Remember when all we technopundits had to argue about was Apple vs. Microsoft; the Mac vs. PCs? Oh, how times have changed. The mighty Microsoft tried, but couldn’t dispose of poor old Apple. Now it’s Google’s turn and the giant search engine behemoth is giving away what Apple sells and still can’t win.
Marginalize For Fun And Profit
Businesses do everything they can to marginalize a competitor; whether direct or indirect.
mar·gin·al·ize (märj-n-lz)
tr.v. mar·gin·al·ized, mar·gin·al·iz·ing, mar·gin·al·iz·es
To relegate or confine to a lower or outer limit or edge, as of social standing.
All companies engage in marginalizing efforts against their competition. For Google, Android and Chrome are attempts to marginalize Apple and Microsoft. After all, they’re giving away for free what Apple and Microsoft charge money for– operating systems on devices.
For Apple, the tens of thousands of popular iPhone apps which use the internet but bypass Google help to marginalize Google’s search and advertising business in the rapidly growing mobile device arena.
Take That, Geeky Search Giant!
Despite all out attempts to diminish Apple’s growing influence in mobile devices, both Google and Microsoft are on the ropes. Enter iPhone 5. What can it bring that further marginalizes both Google and Microsoft?
Let me count the ways.
How about voice control? Nobody has decent voice control in any device (unless you count a GPS device voice which controls where you drive; but that’s the reverse of what I mean).

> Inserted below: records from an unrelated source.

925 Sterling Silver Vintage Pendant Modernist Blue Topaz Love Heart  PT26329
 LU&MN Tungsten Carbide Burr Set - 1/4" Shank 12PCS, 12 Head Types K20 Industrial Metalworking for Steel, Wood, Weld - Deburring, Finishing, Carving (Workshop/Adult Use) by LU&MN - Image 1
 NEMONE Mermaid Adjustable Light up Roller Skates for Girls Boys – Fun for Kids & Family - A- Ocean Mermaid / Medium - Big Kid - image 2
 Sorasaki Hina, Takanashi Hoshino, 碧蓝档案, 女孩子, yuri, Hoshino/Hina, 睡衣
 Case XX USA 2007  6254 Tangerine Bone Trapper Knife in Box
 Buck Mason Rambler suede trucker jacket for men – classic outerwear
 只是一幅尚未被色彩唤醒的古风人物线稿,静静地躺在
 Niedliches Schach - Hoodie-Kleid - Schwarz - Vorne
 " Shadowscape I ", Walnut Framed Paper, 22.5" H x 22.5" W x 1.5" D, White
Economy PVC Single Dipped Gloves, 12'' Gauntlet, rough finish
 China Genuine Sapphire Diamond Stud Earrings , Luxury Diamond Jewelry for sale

Apple has worked tirelessly and secretly to bring voice control to our future iDevices. How about this? Speak a name and date and the information automatically goes into your iPhone’s calendar.
How about voice control that is so precise you can control iTunes music selections? Or, voice control connected to a built-in, non-Google map system. No more Google Maps. How about search by voice that does not use Google to search?
Pushing Google Aside
That’s what’s happening now, and the iPhone 5 promises to push Google further away from daily mobile device usage. Google makes money from advertising. It’s a one-legged stool (pun intended). Apple’s app-oriented platform has damaged Google’s ability to generate substantial revenue from mobile device search, while more and more computer users use Google’s search less and less.
Mobile devices are the future. Apple is the mobile device leader. Where Apple goes, others follow; sometimes kicking and screaming. A voice controlled mobile device that has no need for Google or Bing is a dangerous device. That will be iPhone 5.
Is Apple having fun yet? I’m sure of it.
Google, Amazon and Microsoft focus on trapping the end-user and making money, Apple focuses on the end-user needs and makes money on as a result of this end-user focus.
Interesting observation. Apple’s approach is so much different. It matches product to customer. That’s it. Microsoft and Google treat the customers differently, too; the former with disdain, and the latter the customer is really the product (hence, another class of disdain).
All Apple has to do is keep making products that are better than the others, and they’ll do fine.